Paolo Kipao paints (mostly) non-figurative compositions deploying domestic oils on canvas, often creating art works which are, by Seychelles standards, large. 

The final works are extraordinary compressions of movement, colour and energy, with the canvases invariably worked on horizontally with brushes large and small, rollers, spatulas, sticks and hands, before being turned upright for final adjustments, at which point the artist adopts the perspective of a viewer. 

Kipao has been exhibiting in Seychelles for several years, and successfully so within the context of a market which continues to favour more traditional figurative painting. People connect with these dynamic compositions, which communicate feeling and process through frenetic gymnasia of paint. They – the gallery-visiting public -  ‘get it’, whatever ‘it’ might be – and almost certainly everyone ‘gets’ a slightly different ‘it’, which is usual when looking at abstract art devoid of the anchoring that recognisable forms or words provide and which unites collective perceptions and interpretations. 

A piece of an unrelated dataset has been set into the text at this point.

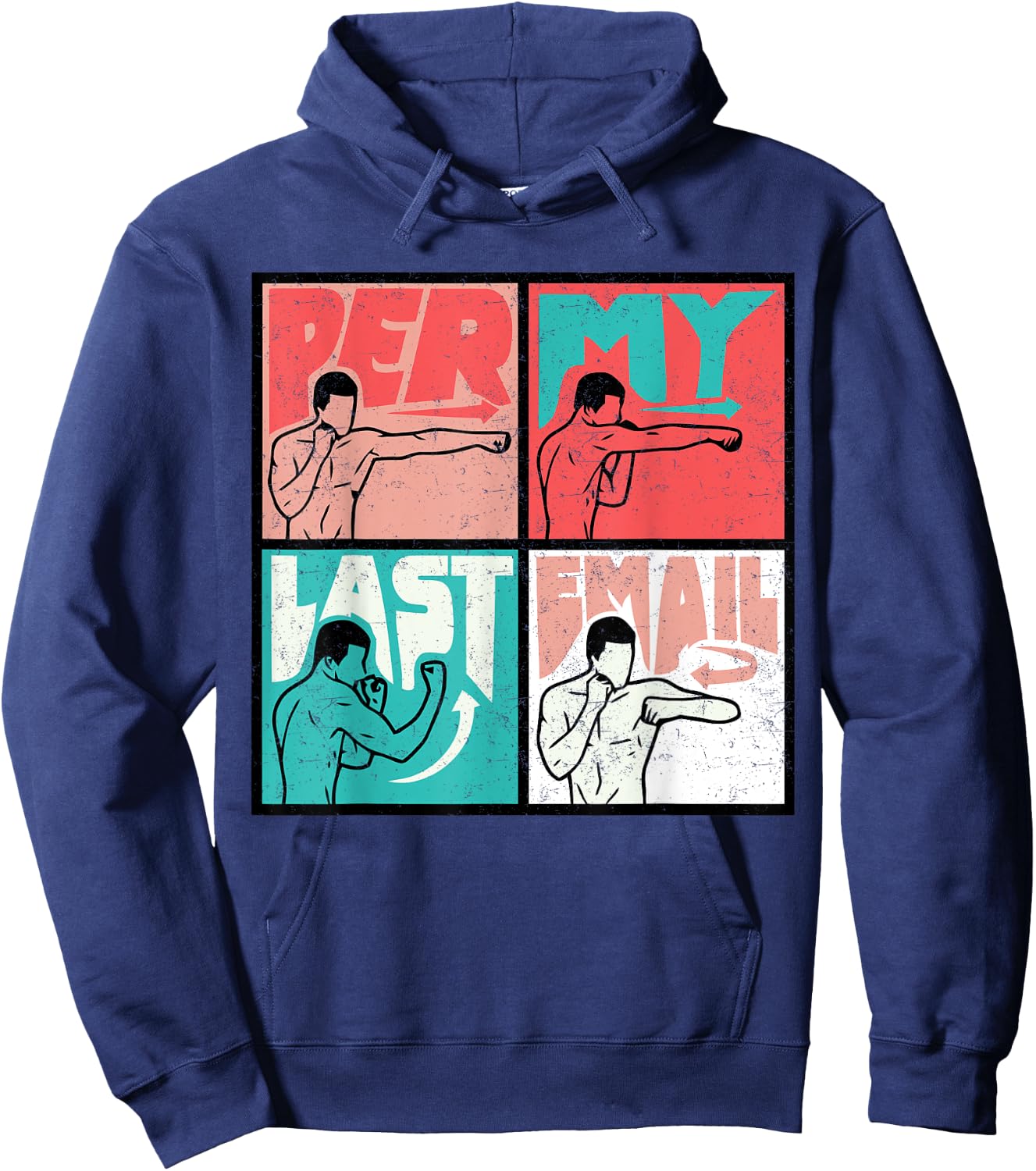Per My Last Email, Funny Vintage Per My Last Email Hoodie - Hoodie | Navy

When confronted by abstract art it’s every man and woman for themselves. We might throw the occasional conversational life jacket at each other as we stand in front of these imposing objects, but essentially it’s a matter of ‘us’ and ‘it’. We have to make personal sense of what we see within the context of an aesthetic democracy of reading.
Kipao is not a ‘market-driven’ artist. He is working things out principally for himself.